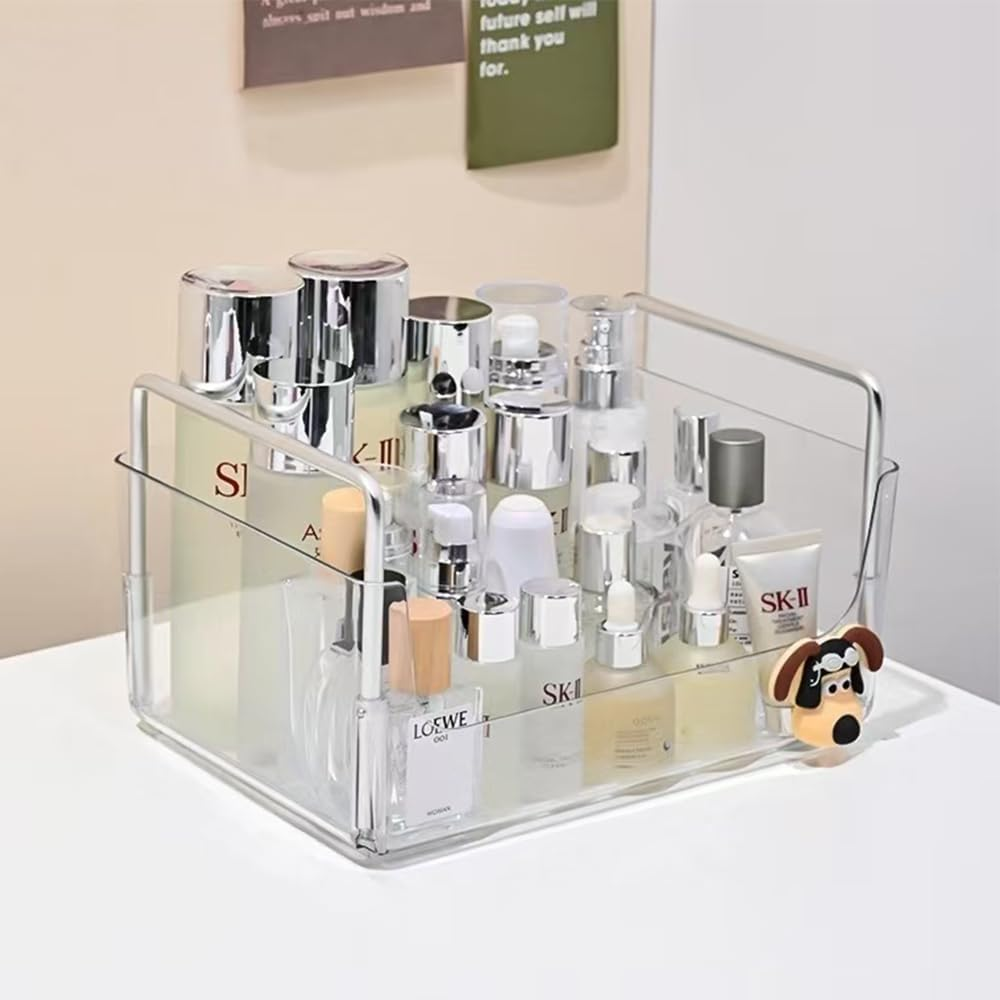NYGHMY 1 Pcs Clear Plastic Organizer Tray with Handles, Makeup Organizer for Store Cosmetics and Skincare, Stackable Bathroom Countertop Organizer for Vanity, Kitchen Cabinet Storage Items image number 5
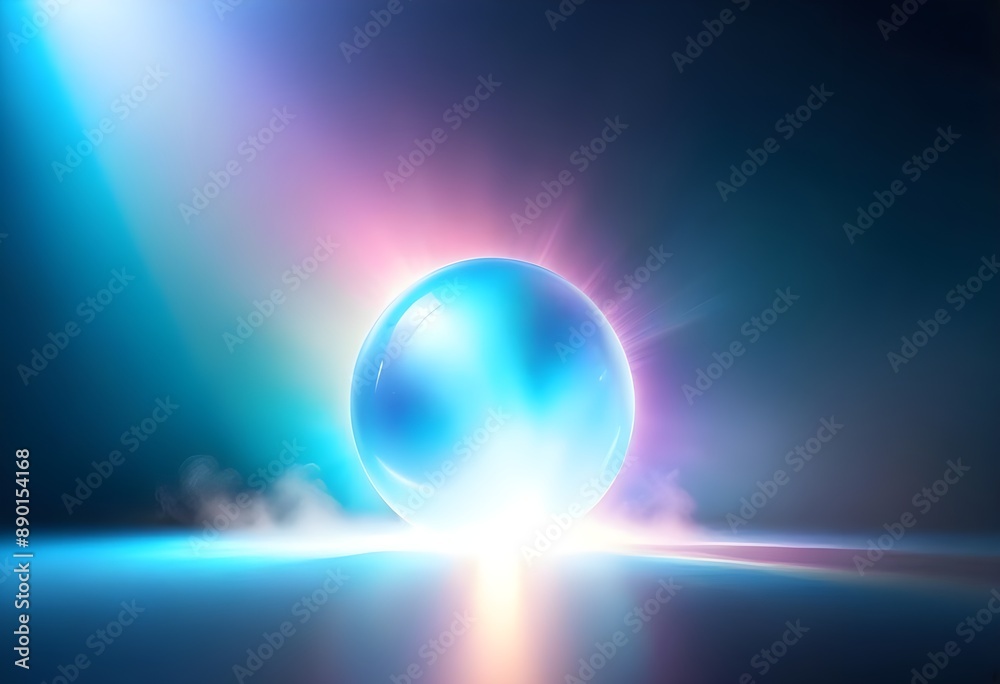 A glowing blue orb surrounded by a soft halo of light, with vibrant hues of purple and pink A glowing blue orb surrounded by a soft halo of light, with vibrant hues of purple and pink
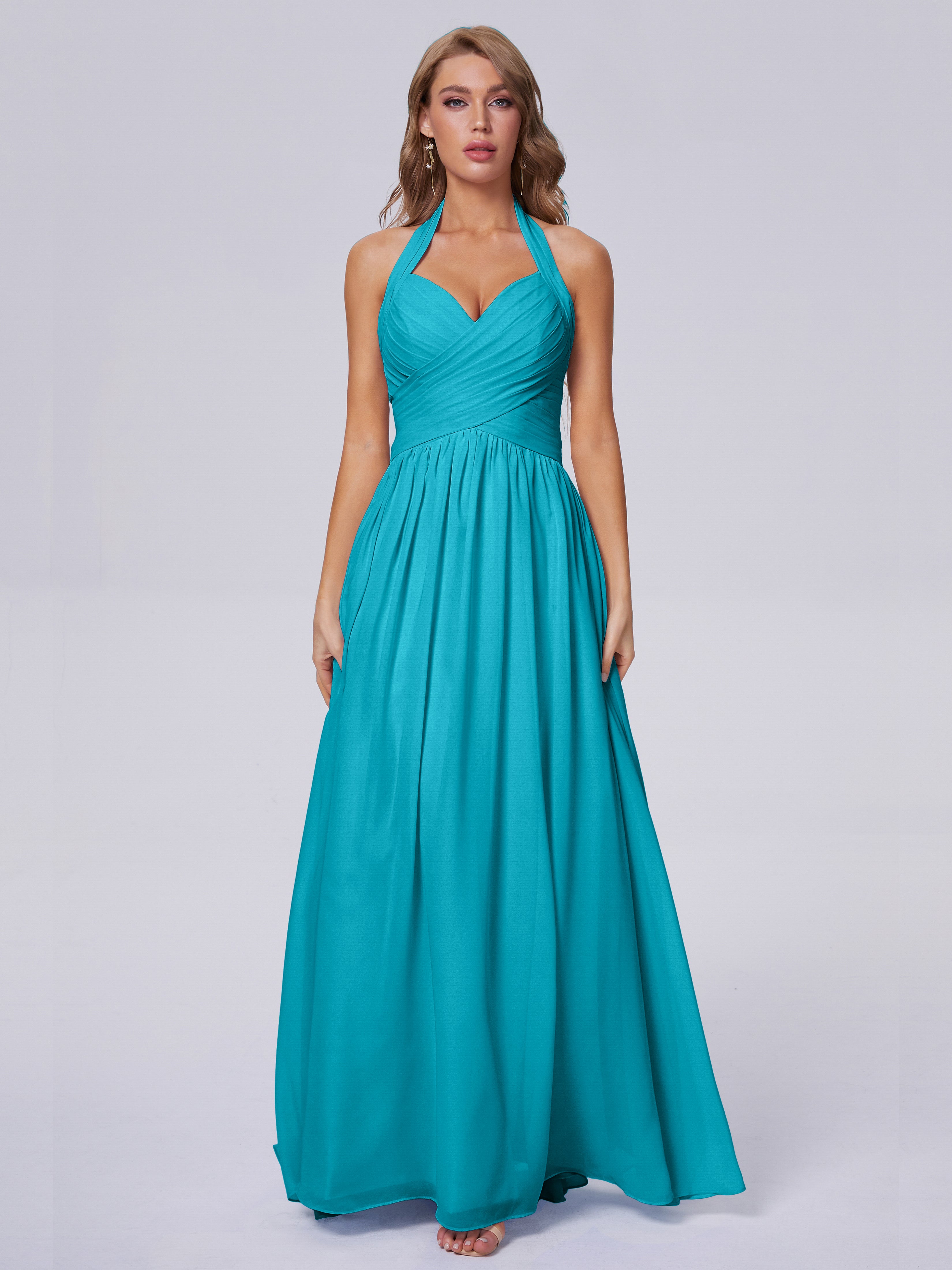 Robes De Demoiselle D'Honneur Vert Jade Superbe Licou Mousseline Robes Demoiselle D'Honneur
====
**Your task:**
Print out the complete listing above exactly, dropping each image.

**The completed task:**
NYGHMY 1 Pcs Clear Plastic Organizer Tray with Handles, Makeup Organizer for Store Cosmetics and Skincare, Stackable Bathroom Countertop Organizer for Vanity, Kitchen Cabinet Storage Items image number 5
 A glowing blue orb surrounded by a soft halo of light, with vibrant hues of purple and pink A glowing blue orb surrounded by a soft halo of light, with vibrant hues of purple and pink
 Robes De Demoiselle D'Honneur Vert Jade Superbe Licou Mousseline Robes Demoiselle D'Honneur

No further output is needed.